At night the following day Nomvelo is in the rondavel chatting with the other initiates. Ndlovu’s wife, MaCele, bursts through the door. She is livid with rage.

“Listen here, you little girls! This is my house and I make the rules here! Who cooked this rubbish that is in the pots today? I said you should cook samp and beef! And what did you cook?”

“We are sorry,” they all say.

“On top of that you have no respect! You are looking me in the eye when I speak to you! Does it look like I’m your age?”

“We are sorry, Ma. Please forgive us,” says Nokuthula.

“You are always sorry! Who cooked today?’

No one answers.

“I’m talking to you! Answer my question!”

“It was me, Mama,” says Nomvelo.

MaCele’s stabbing stare sticks to Nomvelo. She points her shaking finger at Nomvelo.

“You! I saw the day you arrived here that you have no respect! I’ve noticed you are lazy! You work the least of all the initiates! Do you think you are on holiday at a hotel here?”

“No, Mama,” Nomvelo answers tearfully.

“Didn’t your mother teach you to cook?”

“She did teach me,” says Nomvelo.

“If you ever again cook that rubbish you cooked today, I will show you who I am!”
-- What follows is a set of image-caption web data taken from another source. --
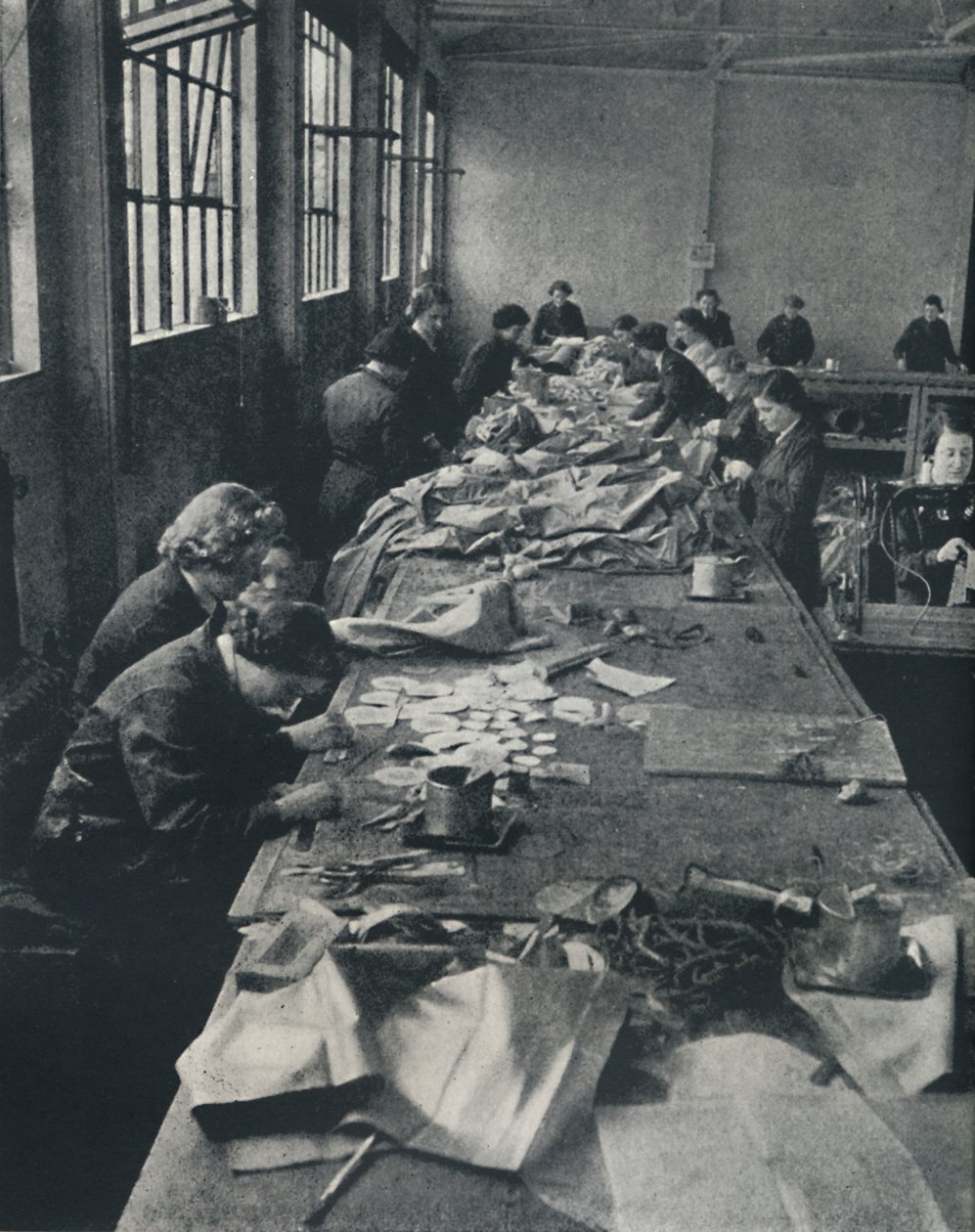 修补气球，1941年 作者 塞西尔·比顿（Cecil Beaton）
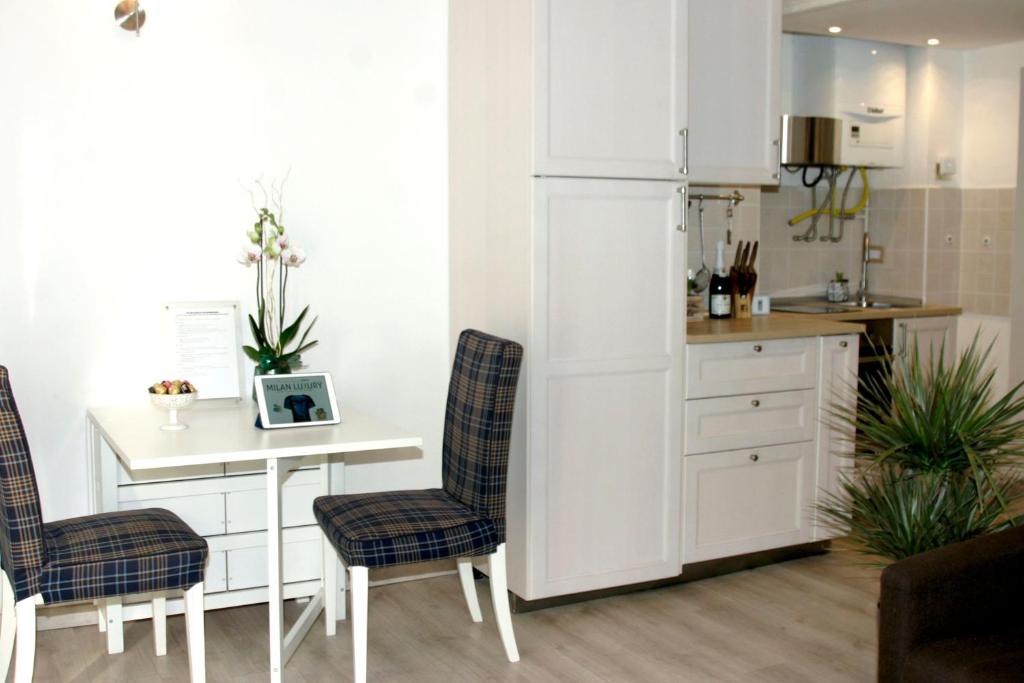 Nhà bếp/bếp nhỏ tại San Luigi Milano Apartment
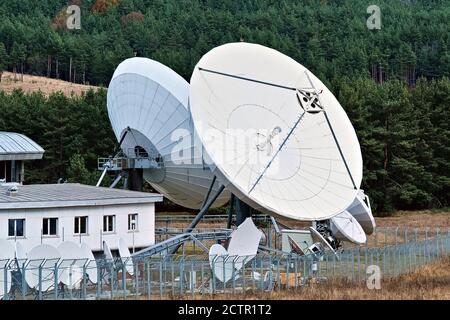 Große Satellitenschüsseln - Plana Berg Observatorium, Bulgarien Stockfoto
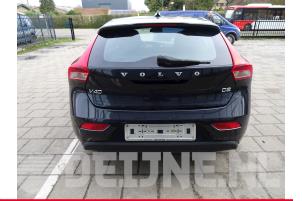 Volvo V40 12-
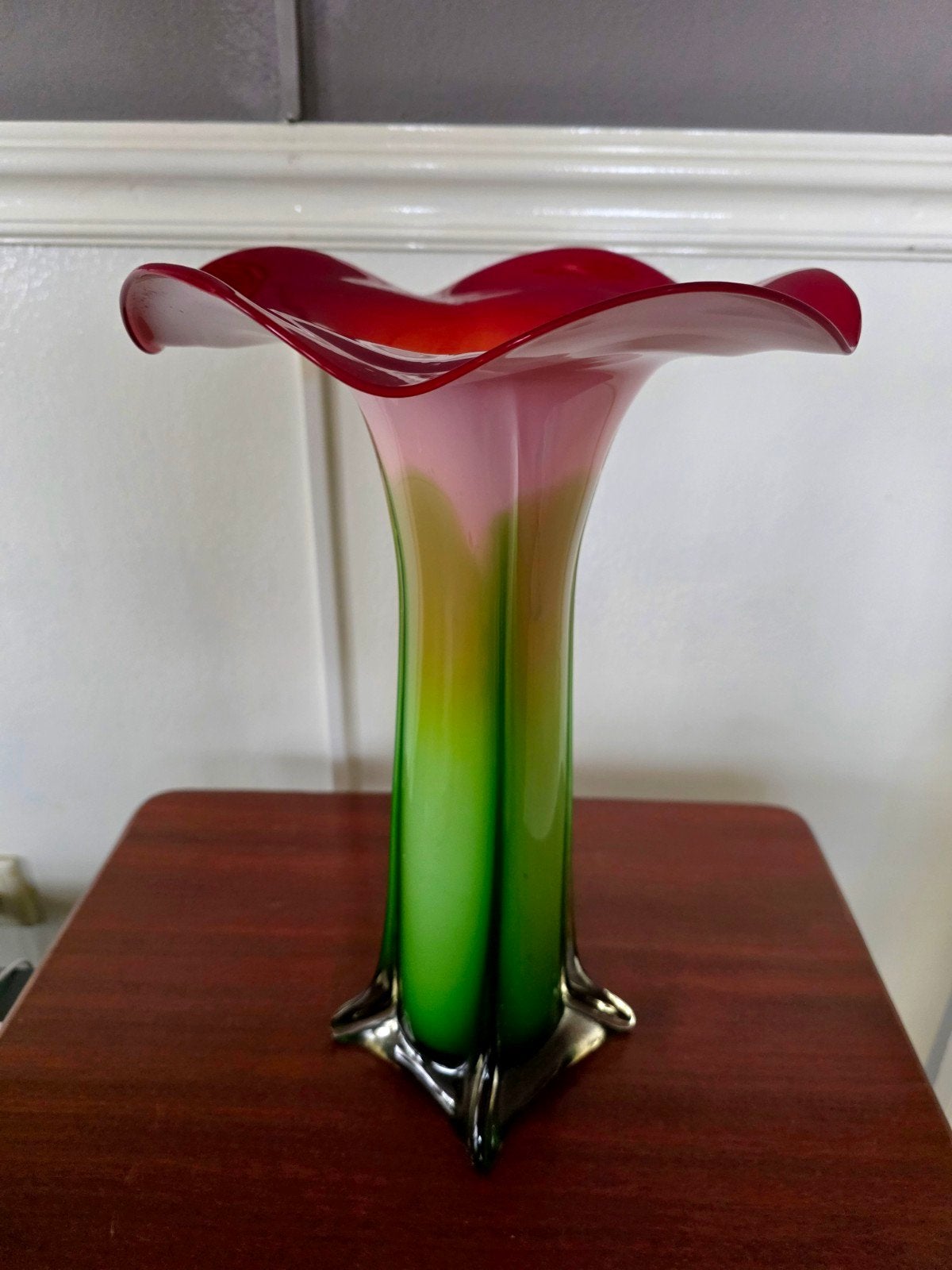 Murano vaas in de stijl van een bloem, Ophalen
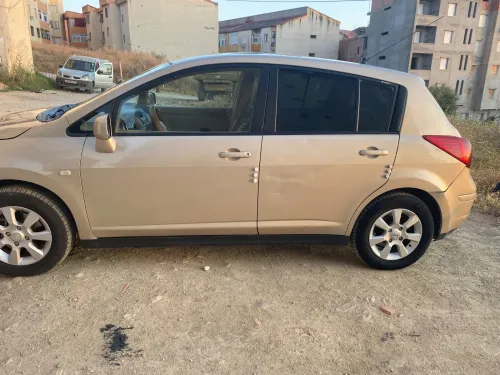 Nissan Tiida 5 portes 2010 Tiida 5 portes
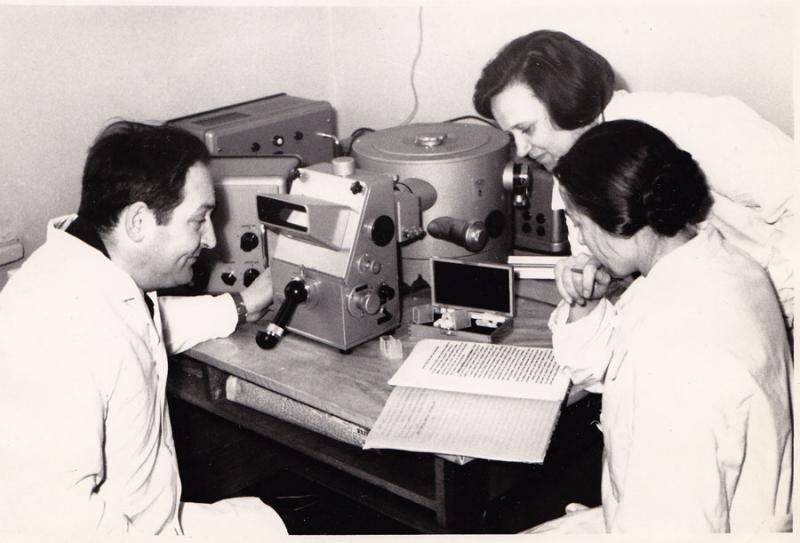 Laboratorijoje su kolegėmis Aldona Baranauskiene, Genovaite Jankavičiūte. Apie 1974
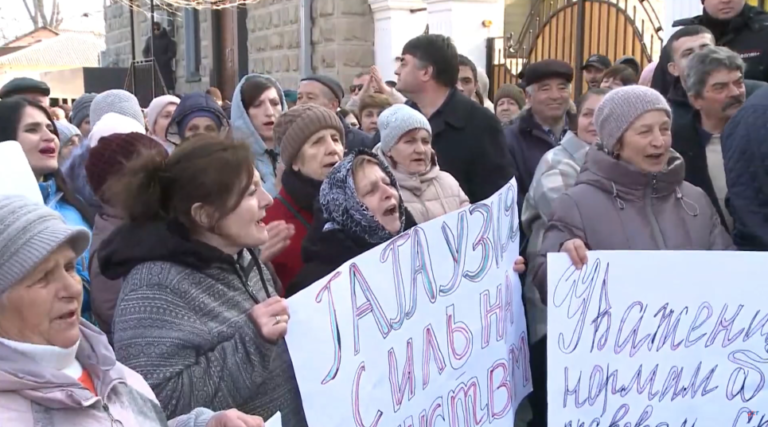 /Видео/ «Верим в справедливое решение суда». У здания КС прошла мирная акция в поддержку участников процесса /Видео/ «Верим в справедливое решение суда». У здания КС прошла мирная акция в поддержку участников процесса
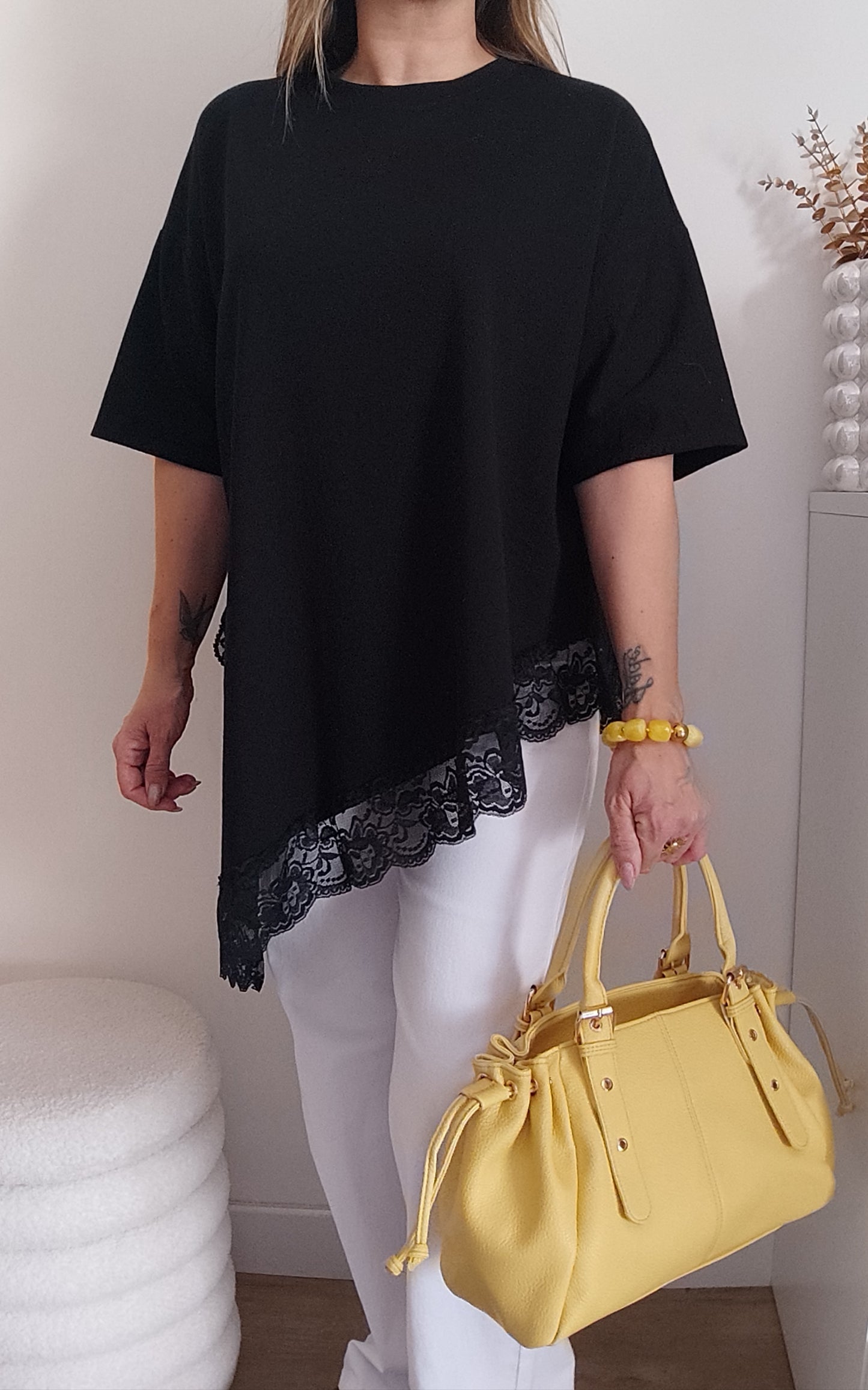 TEE-SHIRT DENTELLE NOIR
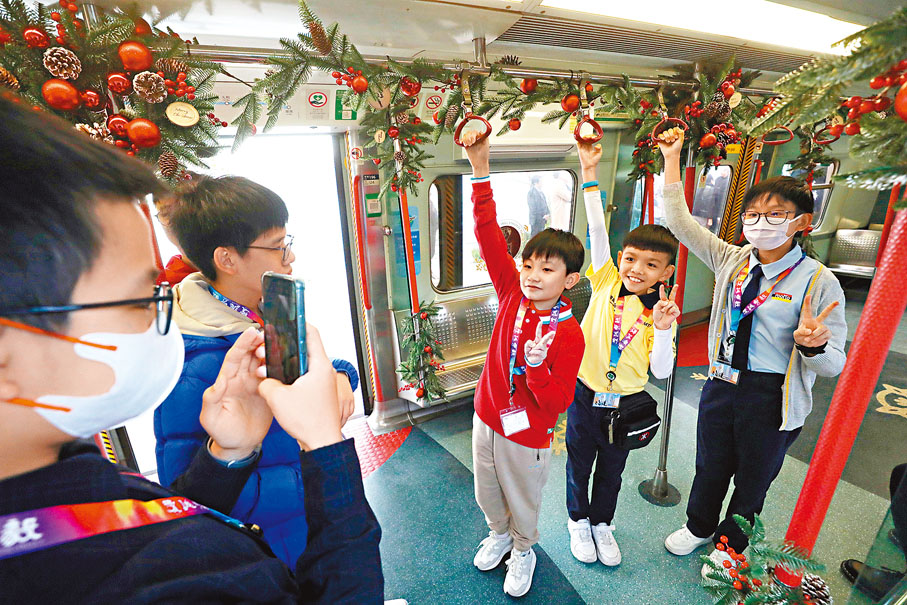 ◆學生們先睹為快。香港文匯報記者郭木又 攝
MaCele bangs the door on her way out.

Nomvelo covers herself with a blanket and sobs.

“Don’t cry, Mvelo, this is just how things are in this place. We are all persevering so we can finish our initiation and go home,” says Nokuthula.

“I’ve had enough of this, I want to go home now. Enough is enough, it’s not as if I was chased away from my home,” says Nomvelo from under her blanket.

“Don’t cry, my sister,” says Senzeni, another initiate.

“MaCele also hated me when I first got here,” says Nokuthula.

“What did I do to deserve so much hatred from her?”

“You didn’t do anything wrong, Nomvelo. It’s just the way they are in this home. They don’t know how to treat people. In fact the way they treat us is pure abuse,” says Thandi.

“You’ll get in trouble if they hear you speaking like that, Thandi,” says Nokuthula.

“But Thandi is telling the truth! This is abuse! We do everything here. On top of everything we do we also have to wash their clothes! That woman and her children don’t do anything! Don’t they have hands to do their washing?” Nomvelo’s words are laced with rage.

“We have to persevere, guys. There’s nothing we can do about it,” says Nokuthula.

Tell us: Thandi says Ndlovu and MaCele don’t know how to treat people. How would you describe the way Ndlovu speaks to Nomvelo when she asks for a woman to make the incisions? And what about the way MaCele speaks to the initiatives?